Ross Buck is Professor of Communication Sciences and Psychology, University of Connecticut, Storrs.  His research is on the experience, expression, and communication of motivation and emotion.  He is the author of Human Motivation and Emotion; The Communication of Emotion; and 100+ publications.  His research has been funded by grants from NIMH, the Harry Frank Guggenheim Foundation, the EJLB Foundation, and the Russell Sage Foundation.
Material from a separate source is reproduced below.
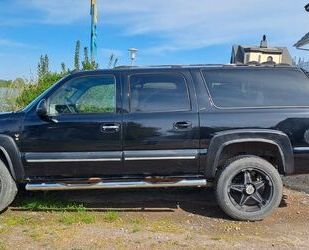 Chevrolet Suburban Gebrauchtwagen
He is co-organizer and Charter Chair of the Nonverbal Communication Division, National Communication Association.  Research on emotional expression has been featured on ABC News 20-20 and FUJI-TV, Japan.  Present empirical work: brain mechanisms of emotional communication including fMRI studies of empathy; emotional experience, expression, and communication in human cooperation and competition, trustworthiness, and altruism; emotion in persuasion including safe-sex communication; cross-cultural studies of social/moral emotion; emotional communication in clinical samples (schizophrenia, Huntington’s disease, cancer); emotional factors in maintaining drug regimen.  Theoretical work: Developmental-Interactionist theory, incorporating a typology of biological emotions based in neurochemical systems; and higher-level social, cognitive, and moral emotions as aspects of self-organizing dynamical systems emerging effortlessly from experience in social interaction. 

Marketing risk: The mindless acceptance of risk is promoted by emotional appeals

Abstract: A central question considered by the conference Moral Emotions about Risky Technologies is the role that emotions should play in judging what is a morally acceptable technological risk. An important consideration in addressing this question is that emotions are in fact exploited in the marketing of risk, with emotional appeals used in advertising and propaganda supporting the mindless acceptance of risk, including technological risk. As a consequence, emotion is arguably a necessary factor in the design of effective messages warning of risk. To be effective, a warning must command attention, galvanize memory, evoke emotion, contain an explicit instruction, and show consequences. As it is, effective warnings are resisted because they undermine sales. For example, risky behaviors such as using alcohol and tobacco are supported by highly effective emotional advertisements, and the so-called “warning labels” in the United States on alcohol and tobacco products are pallid and cold: offering mere advice, not effective warning. Similarly, the marketing of GM-foods and nuclear energy has been supported by soothing emotional messages that do not deny, but rather ignore, risk. It is argued that it is not only morally acceptable but morally imperative to design messages that use emotion effectively to communicate genuine risks, and thereby to facilitate rational decisions as to the moral acceptability of risks.